10月22日、我が地方新聞の外国欄に大きく、日本で初の女性総理が誕生とのニュース。副題に、右派強硬派の女性が総理に就任し、この歴史的な交代が、果たして日本に何をもたらすかは不明、とある。自民党内のナショナリズム強硬派への中和的役割を果たしていた公明党が、高市自民との連立を解消。自民が新しく維新と組んだことで、これから日本政府の右傾化が進むだろうと予測している。高市氏の組閣を見ると、特に自分と同じ考えの人物たちで固めたと見られ、2023年の裏金事件は、彼女にとってたいして重要なことではないように見える、ということだ。たしかに、参院選まで話題をさらっていたあの問題は何処に行ってしまったのだろう。ギリギリで当選した議員を以て、禊は済んだということにしたらしい。何だかいい加減な話だこと。女性初の首相ということが目眩しにならないといいが。
彼女の理想とする政治家は「鉄の女」と言われたイギリスのサッチャー元首相だという。これは私の視点からすれば、ちょっと...である。社会の衰退を個人の責任に還元して、社会生活の受け皿を崩していった人物。共生ではなく分断で、結果的には富裕層以外の国民は貧しくなった。「改革」という名の下に、容赦無く国の機関の民営化を進めた新自由主義の政治家だ。あれからのイギリスを見れば、公共機関を民営化していった国の末路がわかる。社会生活を支えるインフラが衰退して、国民にとっては暮らしにくい世の中になった。彼女の「自己責任」という考え方は、たぶん自身の生い立ちからも来ているのだと思う。庶民の家庭で育ちながら、当時は女性として極めて稀なことに、オックスフォード大学で学んだ。自分は頑張って自力で男性中心のエリート層の中に入っていったという自負があったとのだと思う。「頑張れないあなたたちは自分のせいよ」とでも言うか。だが、この「自己責任」という言葉は、よくよく吟味してみる必要のある言葉だ。考えるためには、生物学的、社会学的、さらには、哲学的な視点も必要だと思う。少なくとも、政治家が簡単に口にしていい言葉ではない。なぜなら、全てが自己責任であれば、社会も国も要らなくなるのだから、ずいぶんとラジカルな言葉ではある。

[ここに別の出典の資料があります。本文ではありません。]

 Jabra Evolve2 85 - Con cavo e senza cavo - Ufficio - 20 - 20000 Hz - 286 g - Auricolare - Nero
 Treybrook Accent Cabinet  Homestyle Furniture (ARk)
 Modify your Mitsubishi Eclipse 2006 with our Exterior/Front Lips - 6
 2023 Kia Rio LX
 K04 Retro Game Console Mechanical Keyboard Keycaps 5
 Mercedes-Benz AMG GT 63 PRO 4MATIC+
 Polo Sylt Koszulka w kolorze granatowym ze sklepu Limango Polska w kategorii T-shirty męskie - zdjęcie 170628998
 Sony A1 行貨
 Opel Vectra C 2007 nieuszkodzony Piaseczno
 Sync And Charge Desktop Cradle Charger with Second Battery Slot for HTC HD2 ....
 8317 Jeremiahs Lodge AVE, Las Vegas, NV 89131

そもそも今の局面で、女性だ男性だということは、本質的にはあまり大事なことには思えない。見かけの性別よりも人物である。すべてにおいて「初の女性」という表現は、冠言葉的な役割で使われているが、もちろんそれには理由がある。私たちが、歴史的にずっと男性主導の社会に生きているからだ。そういう意味では、女性も社会的に活躍していく先駆けとしての、画期的で前向きな響きがある。未来に向けて、歓迎すべき第一歩的な言葉ではある。けれども、「初の女性」は、男性社会の中で男に負けじと、過剰なテストステロンを出していく場合もある。日本の初の女性首相も、かなり勇ましいことを言っているようだ。社会で女性が活躍するのが望まれるのは、今までずっと続いてきた「いわゆるオスの闘争的な」競争と争いの社会から、「いわゆるメスの母性的な」守り育てるような優しさのある社会への転換を期待しているからではなかろうか。オスとメスの属性と、その例外については、社会生物学的な研究からの視点が必要だが、歴史を見れば、男性中心の人類社会には、いつも衝突と戦争があった。争いの社会は、結果的には人類という種の破滅に向かうだろう。それが、現在我々が直面している危機なわけである。そこを救うために期待されているのが、ワレがワレがではない「いわゆる母性的な」他者を思いやる共感能力のあるリーダーなのではなかろうか。だから、それは生物学的には女性でなくともいいわけだ。女性でもそうじゃない人もいれば、男性にもそういう属性を持った人は少なからずいる。日本初の女性首相が、これからどういう政治をしていくのかは、これから注視していきたいものだ。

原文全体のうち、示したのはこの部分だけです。